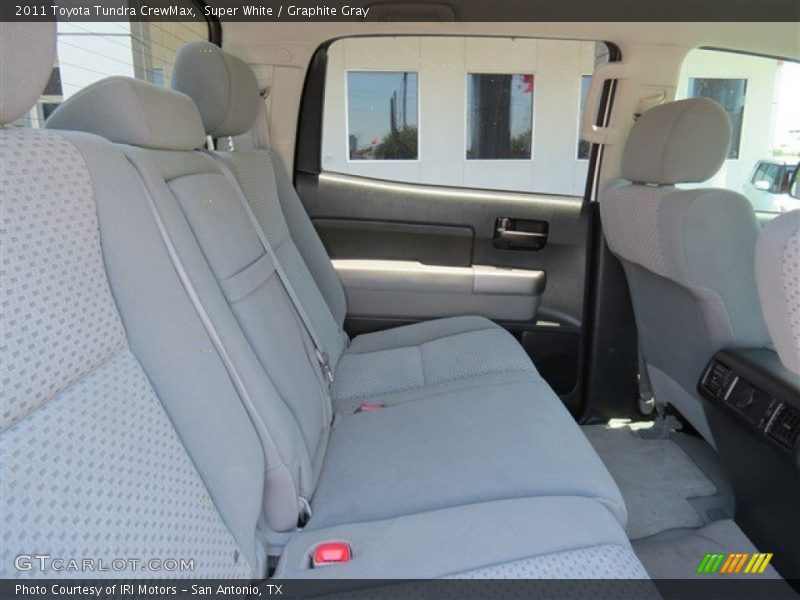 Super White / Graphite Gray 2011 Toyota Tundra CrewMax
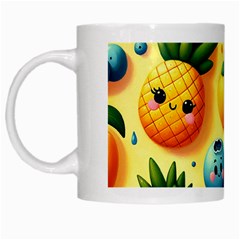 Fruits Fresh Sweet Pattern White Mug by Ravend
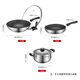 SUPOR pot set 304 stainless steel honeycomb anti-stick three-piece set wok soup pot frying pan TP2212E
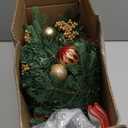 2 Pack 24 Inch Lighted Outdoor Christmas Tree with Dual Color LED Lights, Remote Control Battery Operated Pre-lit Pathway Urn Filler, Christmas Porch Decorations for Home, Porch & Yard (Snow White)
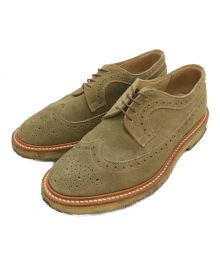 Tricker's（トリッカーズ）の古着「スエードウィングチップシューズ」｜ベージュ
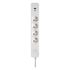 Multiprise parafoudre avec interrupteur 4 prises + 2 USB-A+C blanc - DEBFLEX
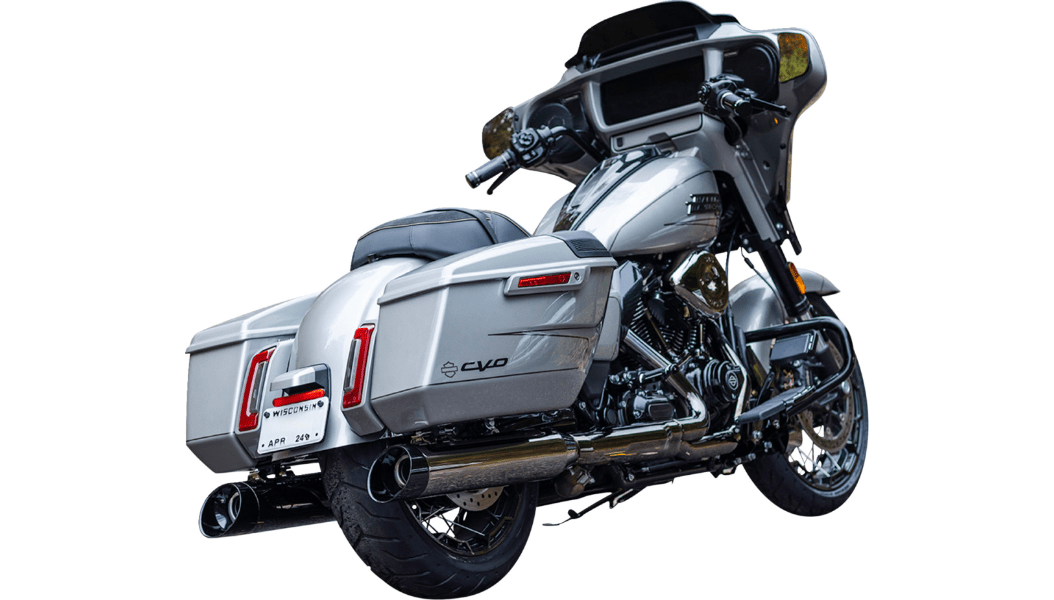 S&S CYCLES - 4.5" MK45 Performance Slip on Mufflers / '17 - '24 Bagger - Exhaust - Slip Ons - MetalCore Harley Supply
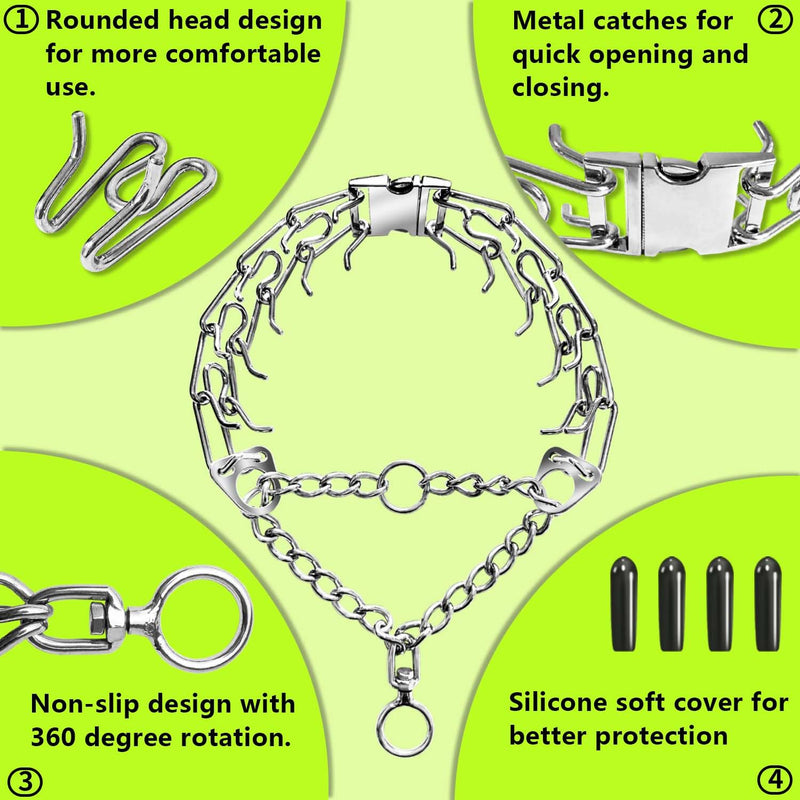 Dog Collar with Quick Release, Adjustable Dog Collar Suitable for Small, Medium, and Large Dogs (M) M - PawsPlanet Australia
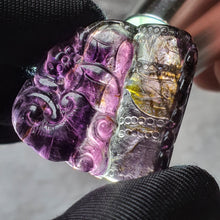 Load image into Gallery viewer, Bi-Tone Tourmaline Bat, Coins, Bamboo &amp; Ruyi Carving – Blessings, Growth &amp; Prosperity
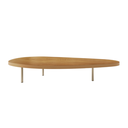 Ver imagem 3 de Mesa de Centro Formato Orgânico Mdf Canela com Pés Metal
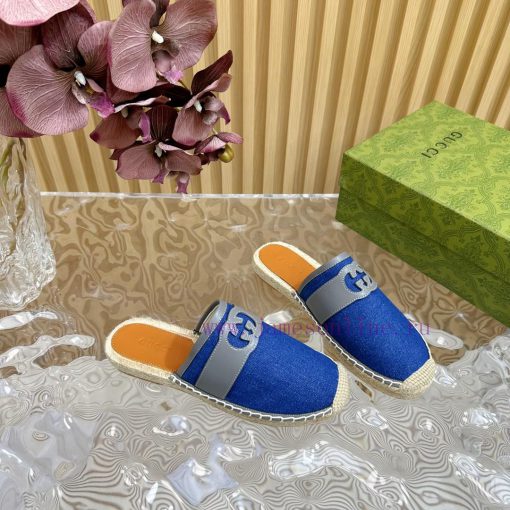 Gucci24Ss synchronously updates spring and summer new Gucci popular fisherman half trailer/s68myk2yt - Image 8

------------------------------------------------------------

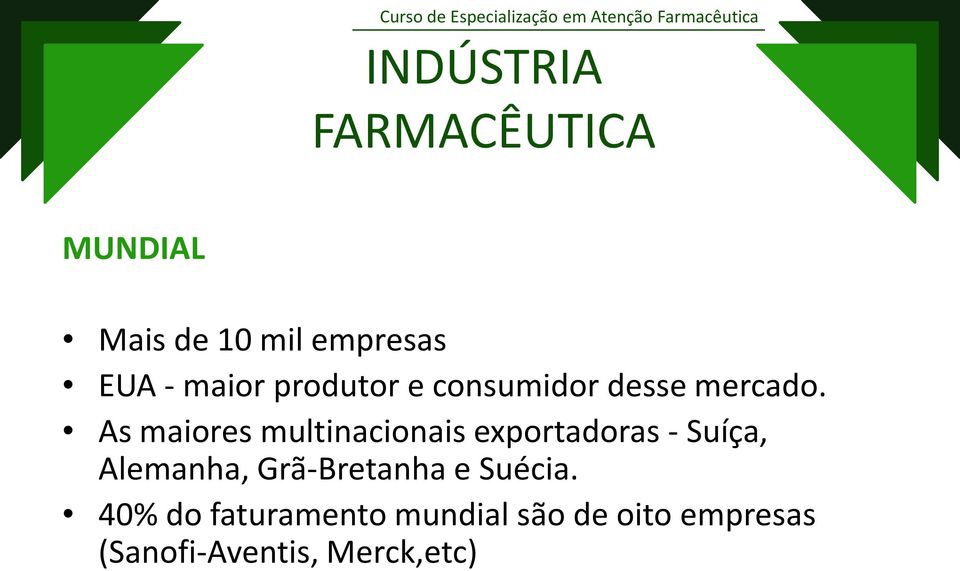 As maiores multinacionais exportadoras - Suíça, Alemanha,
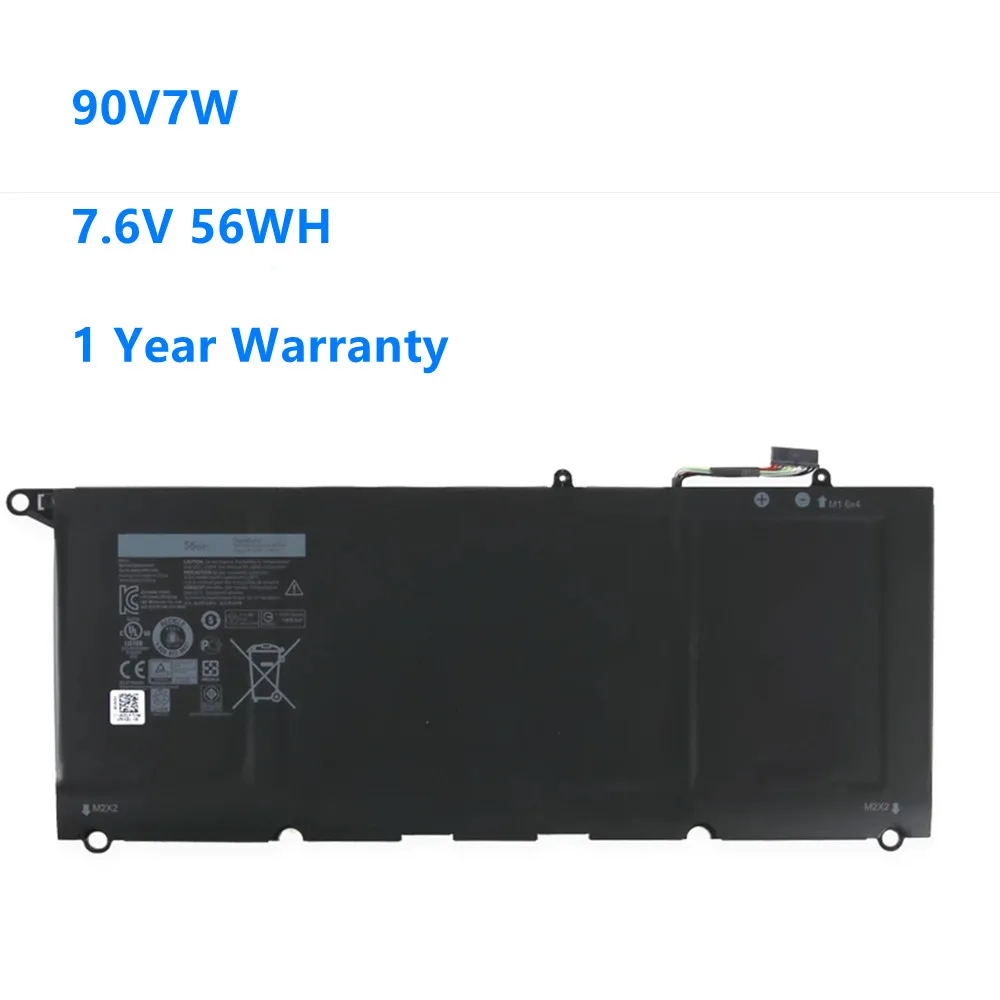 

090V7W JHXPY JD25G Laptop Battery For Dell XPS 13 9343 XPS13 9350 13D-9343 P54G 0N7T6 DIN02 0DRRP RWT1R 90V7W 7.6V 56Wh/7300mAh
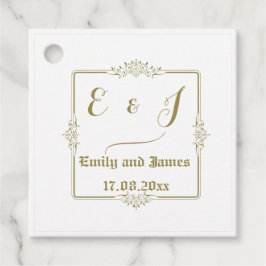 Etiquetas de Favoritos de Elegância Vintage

------------------------------------------------------------

:: Goal of the exercise ::
Give again, exactly as written above, each line from the one that has "090V7W JHXPY JD25G" to the one that has "Etiquetas de Favoritos de Elegância Vintage", both included; omit the pictures.

:: Task output ::
090V7W JHXPY JD25G Laptop Battery For Dell XPS 13 9343 XPS13 9350 13D-9343 P54G 0N7T6 DIN02 0DRRP RWT1R 90V7W 7.6V 56Wh/7300mAh
 Etiquetas de Favoritos de Elegância Vintage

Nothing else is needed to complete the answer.